Is there any congestion in the ground transportation in Europe Union?


Many European countries are currently subject to the phenomenon of congestion in the ground transportation. It is manifested by even longer traffic jams on the road, delays accumulated more at airports and ports, not to mention the trains that are always inclined to arrive late.

Traffic jams on the rise for nearly a decade

There are several studies that show the state of congestion in ground transportation in Europe. In 2013, the INRIX (leading provider of traffic information and driver assistance) conducted a major study that shows that traffic congestion has clearly increased since 2010. According to the report, France is ranked in 4th position among the countries affected by this phenomenon, which it means that the French drivers spend on average 35 hours stuck in traffic. The Parisians are in 8th place of the worst off drivers in Europe, with about 55 hours in traffic jams for the single year 2013. A year later, in 2014, the INRIX published another report which states that the congestion in Europe has increased by 6% in a single year.

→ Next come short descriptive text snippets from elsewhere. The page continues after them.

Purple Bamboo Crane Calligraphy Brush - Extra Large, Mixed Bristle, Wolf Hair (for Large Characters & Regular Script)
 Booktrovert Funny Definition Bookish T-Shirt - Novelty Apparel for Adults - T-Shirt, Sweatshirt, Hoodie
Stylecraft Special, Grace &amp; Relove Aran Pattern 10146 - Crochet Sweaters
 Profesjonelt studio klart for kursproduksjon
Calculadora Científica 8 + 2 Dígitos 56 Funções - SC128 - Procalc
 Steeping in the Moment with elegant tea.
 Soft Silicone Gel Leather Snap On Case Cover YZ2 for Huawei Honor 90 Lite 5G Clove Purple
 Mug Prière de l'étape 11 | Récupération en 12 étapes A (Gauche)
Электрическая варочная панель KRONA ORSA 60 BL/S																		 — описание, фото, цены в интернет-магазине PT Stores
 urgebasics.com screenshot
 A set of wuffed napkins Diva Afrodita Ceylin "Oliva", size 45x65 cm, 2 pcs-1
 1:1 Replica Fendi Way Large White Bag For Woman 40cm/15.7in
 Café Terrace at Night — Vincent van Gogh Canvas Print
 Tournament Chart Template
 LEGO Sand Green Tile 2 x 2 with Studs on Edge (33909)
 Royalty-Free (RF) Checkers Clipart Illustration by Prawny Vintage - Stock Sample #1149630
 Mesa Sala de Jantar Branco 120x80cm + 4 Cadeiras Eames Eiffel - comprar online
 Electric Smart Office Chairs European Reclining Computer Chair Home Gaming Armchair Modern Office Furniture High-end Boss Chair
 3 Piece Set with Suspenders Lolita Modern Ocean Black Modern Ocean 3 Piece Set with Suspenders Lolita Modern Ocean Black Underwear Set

European airports are crumbling under the weight of an increased traffic

More and more people living near airports in Europe complain of noise pollution due to the increased air traffic that causes this congestion. According to experts, if this phenomenon is on the rise in Europe, it is simply because the major airports of the continent have stopped investing in their expansions. According to Olivier Jankovec, director of ACI Europe, air traffic is expected to grow considerably in the next two decades.
By 2035, take-off and landing of aircraft is expected to increase by 50%. At the same time, the capacity of runways to accommodate airplanes at airports should increase by only 17%. This has raised the fears of a worsening of congestion which has consequences for many losses for airports. In addition, at airports, the travelers are accustomed to flights that always arrive late. Even if you take a seat on an airplane, you will have to wait a long time for the airport to free itself from a part of the flights in waiting.

European ports affected by congestion

In 2017, the congestion has reached a very high level in European ports. Unsurprisingly, the largest container terminals in the old continent namely Antwerp in Belgium and Rotterdam in the Netherlands were the most affected, since they do not represent more than 40% of business in Europe.
As a result, the major carriers including Hapag-Lloyd, MOL and CMA CGM have begun to impose surcharges in these two ports. They justify this decision by delays accumulated in unloading and loading containers. These carriers face delays of 36 hours, or even 120 hours in extreme cases. Congestion also encouraged them to consider the application of these surcharges.